KANDAHAR AIRFIELD, Afghanistan - Through its Afghan National Security Forces Program, the U.S. Army Corps of Engineers has designed and constructed high-quality military and police facilities to support the transfer of security operations to the Afghans
But as Lawrence Petrosino, a USACE program manager with the Afghanistan Engineer District- South explained, "Developing skilled Afghan personnel capable of maintaining their own infrastructure is crucial to making sure these facilities will last for years to come."
Lessons learned from a decade of reconstruction operations in Afghanistan have shown that local, institutional and human resources capabilities are vital in order to achieve stable, sustainable infrastructure. To that end, the U.S. Army Corps of Engineers has implemented training programs that will teach Afghan National Security Forces and Afghan civilian employees the crucial basics of facilities operations and maintenance at hundreds of newly constructed installations.
According to UNICEF, the adult literacy rate for male Afghans aged 15 and above is just 39 percent; for women aged 15 and above the rate is just 13 percent. With that in mind, a training curriculum had to be developed that would meet the unique needs of Afghans, explained Petrosino, a 41-year veteran of USACE who deployed to Afghanistan from the North Atlantic Division in Brooklyn, N.Y.
Thus the curriculum is practical, involves experiential, on-the-job training, and topics covered include plumbing, heating, ventilation, air conditioning, painting, carpentry, masonry, welding, pest management and more, he said.

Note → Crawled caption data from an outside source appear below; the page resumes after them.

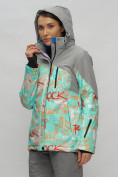 Оптом Горнолыжный костюм женский бирюзового цвета 02252Br в Алма-Ате, фото 7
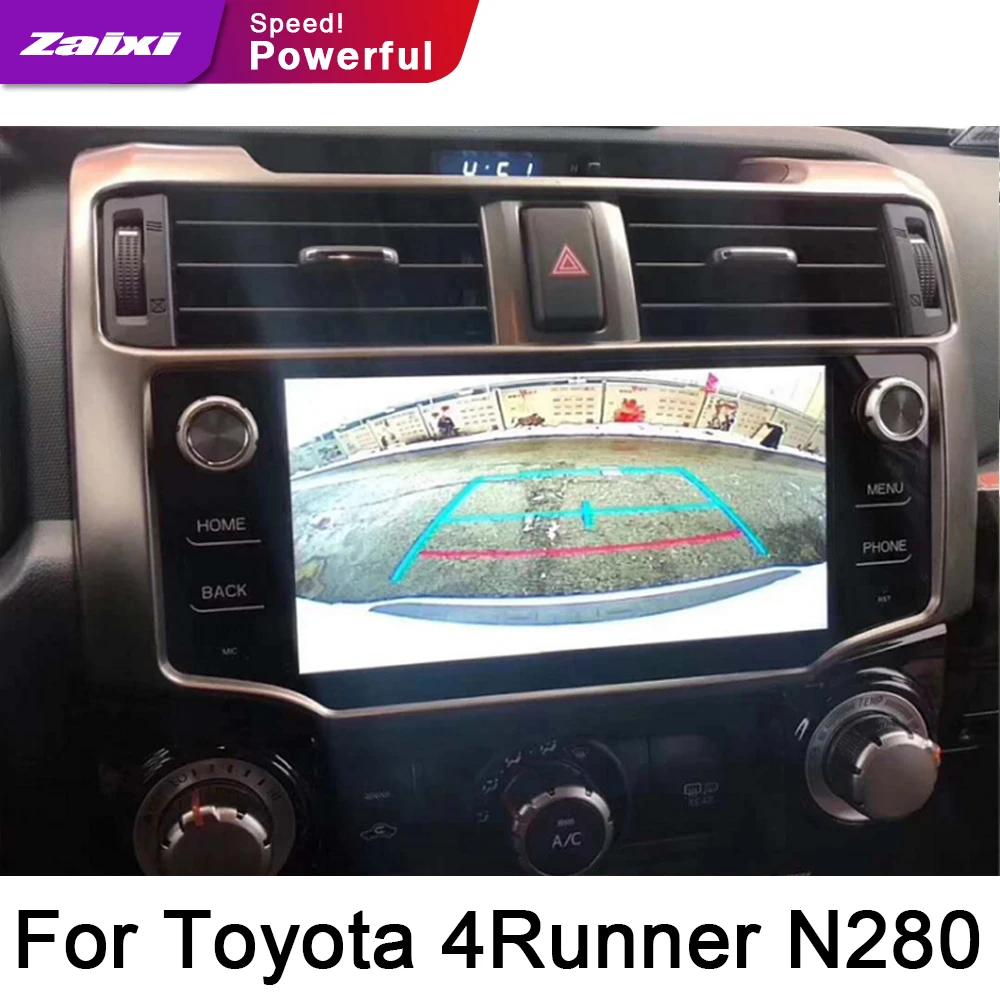 ZaiXi для Toyota 4runner N280 2009 ~ 2019 автомобильный Android GPS DVD навигатор мультимедиа HiFi DSP ISP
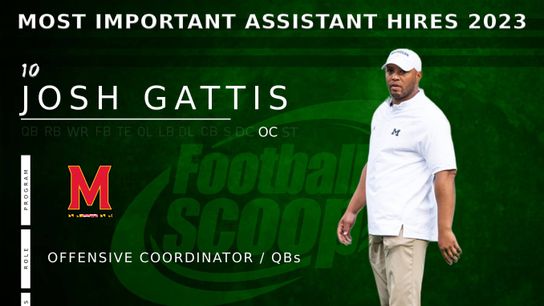 The 15 most important assistant coaching hires of 2023 -- No. 10: Josh Gattis, Maryland (josh gattis)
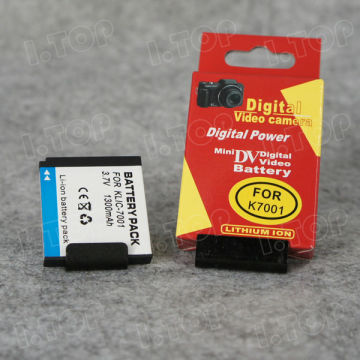 Portable battery pack for KLIC-7001 Kodak batteries,3.7V 1300mAh, Made in china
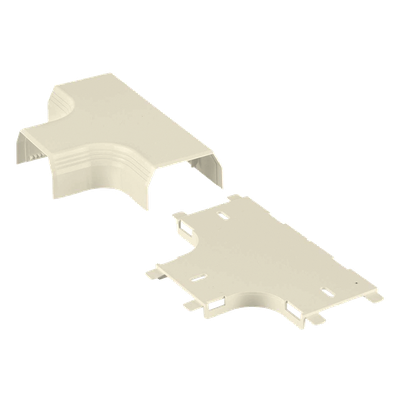 Accesorio en T para Canaleta / PVC Rígido / UL94V-0 / 0 a 50°C / Bajo Voltaje / Blanco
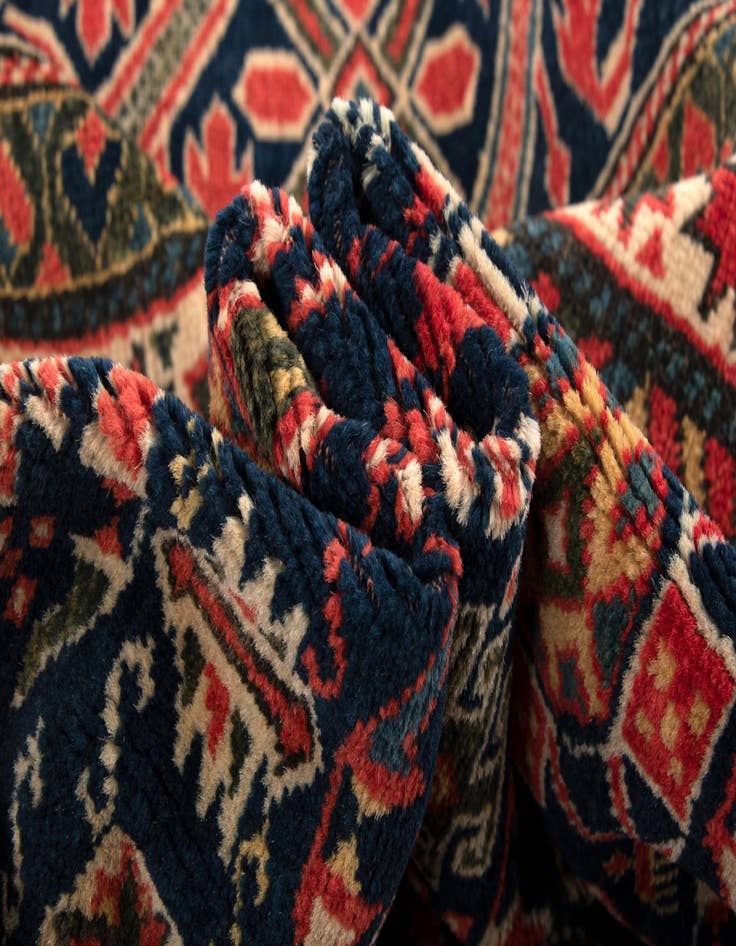 Detail image of  4' 9 x 6' 5  Hand Knotted Schirwan Rug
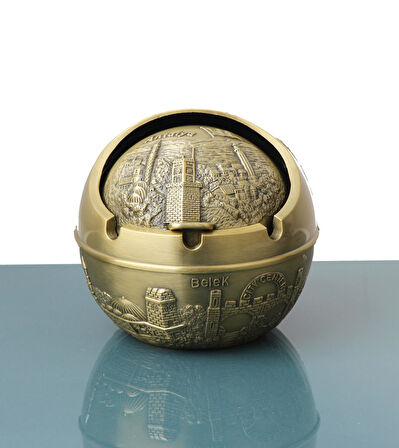 Lüks Yöresel Motifli Döküm Küllük Kül Tablası Para Anahtar Yuvası Biblo Hediyelik Dekoratif Ürün 11 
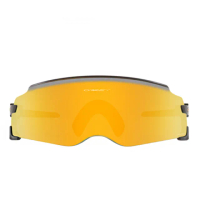 【Oakley】Kato環法賽款式黑框黃鏡片太陽眼鏡(OAK9455M-02)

For ANA who will be responsible for military installations, training is in-depth and lasts eight months. For ANP who will be responsible for police department facilities, the training is six weeks.
Through private-sector contracts and with the support of Infrastructure Training Advisory Groups comprised of coalition troops with the technical expertise to assess facilities and mentor ANSF public works staff, USACE has already trained more than 200 ANA, ANP and Afghan civilian personnel. And this is just the beginning. The South District Operations and Maintenance team plans to train at least two personnel at approximately 150 ANP sites and hundreds of ANA soldiers and civilian employees at installations across southern Afghanistan.
“We want to set the Afghans up for success,” said Albert Soliz, the South District Operations and Maintenance program manager.
“Supportive strategies, including educating and empowering the soldiers and police so they can appropriately operate and maintain their facilities will go a long way to preserve these installations for decades to come,” said Soliz, who also serves as a major in the U.S. Army Reserve.
U.S. funded contracts that are in place now to provide operations and maintenance support for ANSF facilities will come to an end, “so we must train Afghan personnel to assume responsibility for operating and maintaining the facilities,” said Soliz, who deployed to Afghanistan from Irvine, Calif., where he works as a senior project manager in the city’s community services division. “I am confident that if we use the curriculum and can attract the students, we can help the Afghans become prepared to assume responsibility of the operations and maintenance of these facilities.”
These efforts are significant because they offer Afghans the ability to learn new vital skills while creating sustainable infrastructure and a more secure and stable environment here in Afghanistan, added Petrosino.